Recorded information>

━━━━━━━━━━━━━━━━━━━━

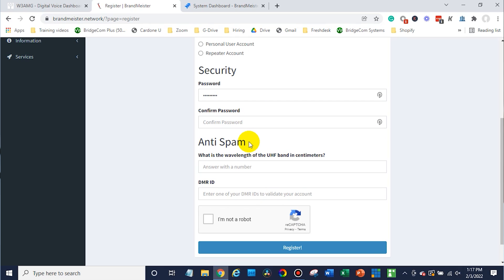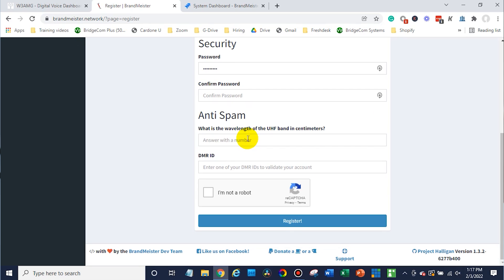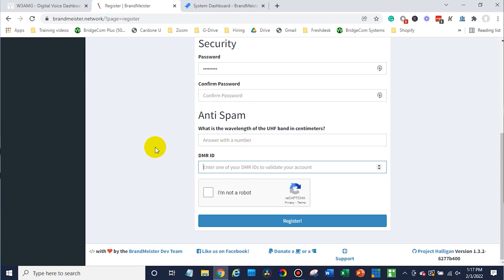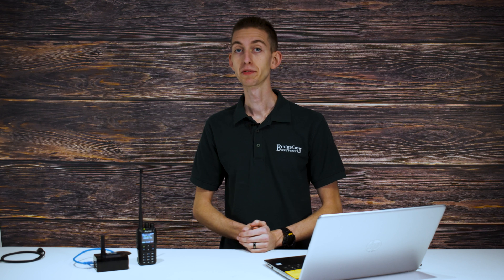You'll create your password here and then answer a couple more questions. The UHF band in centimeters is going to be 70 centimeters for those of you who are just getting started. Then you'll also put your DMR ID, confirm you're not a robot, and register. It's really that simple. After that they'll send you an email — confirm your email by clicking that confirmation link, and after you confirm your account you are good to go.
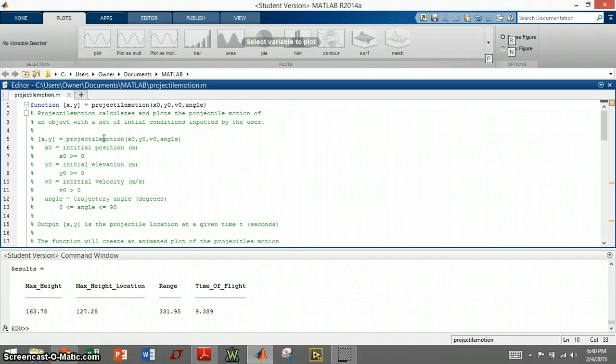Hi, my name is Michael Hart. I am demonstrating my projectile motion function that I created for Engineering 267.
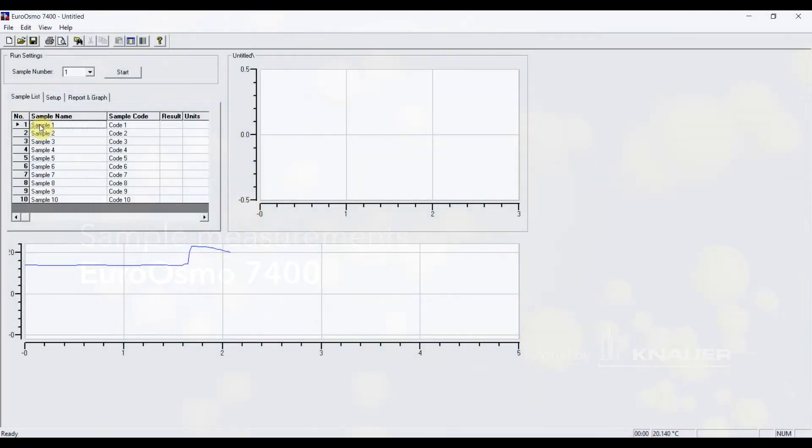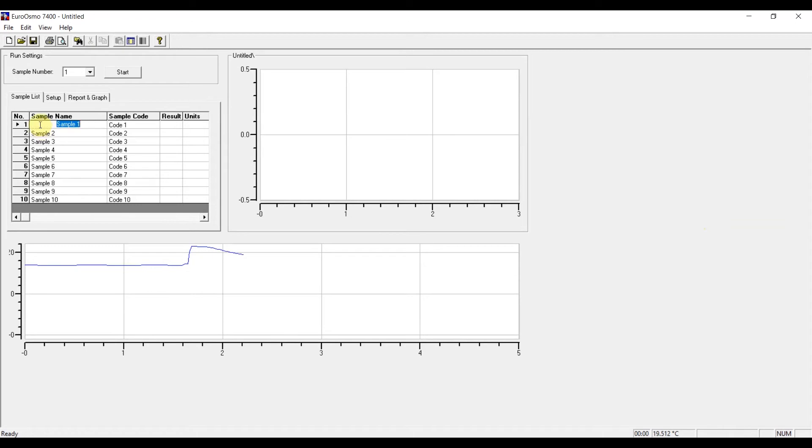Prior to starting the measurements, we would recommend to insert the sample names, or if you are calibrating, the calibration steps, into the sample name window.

━━━━━━━━━━━━━━━━━━━━

Task directions> A word-for-word retyping of the material above is expected, without pictures.

Exercise output>
You'll create your password here and then answer a couple more questions. The UHF band in centimeters is going to be 70 centimeters for those of you who are just getting started. Then you'll also put your DMR ID, confirm you're not a robot, and register. It's really that simple. After that they'll send you an email — confirm your email by clicking that confirmation link, and after you confirm your account you are good to go.
Hi, my name is Michael Hart. I am demonstrating my projectile motion function that I created for Engineering 267.
Prior to starting the measurements, we would recommend to insert the sample names, or if you are calibrating, the calibration steps, into the sample name window.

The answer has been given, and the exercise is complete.